#### [Exercise description]
Only the lines below from the one containing "BabyBoo Gyerekek ruhásszekrény" through the one containing "Tričko s potlačou" belong in the answer, set down exactly, with the pictures left out.

#### [Data for analysis]
════════

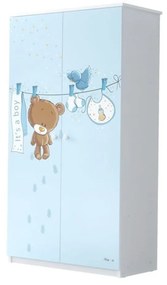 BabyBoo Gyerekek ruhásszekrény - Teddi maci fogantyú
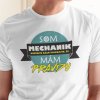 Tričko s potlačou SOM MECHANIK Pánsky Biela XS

════════

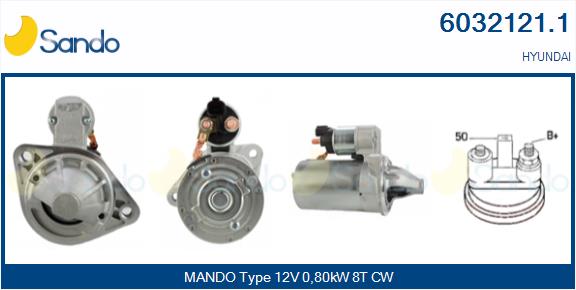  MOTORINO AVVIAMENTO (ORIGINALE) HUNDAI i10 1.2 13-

════════

#### [Your solution]
 BabyBoo Gyerekek ruhásszekrény - Teddi maci fogantyú
 Tričko s potlačou SOM MECHANIK Pánsky Biela XS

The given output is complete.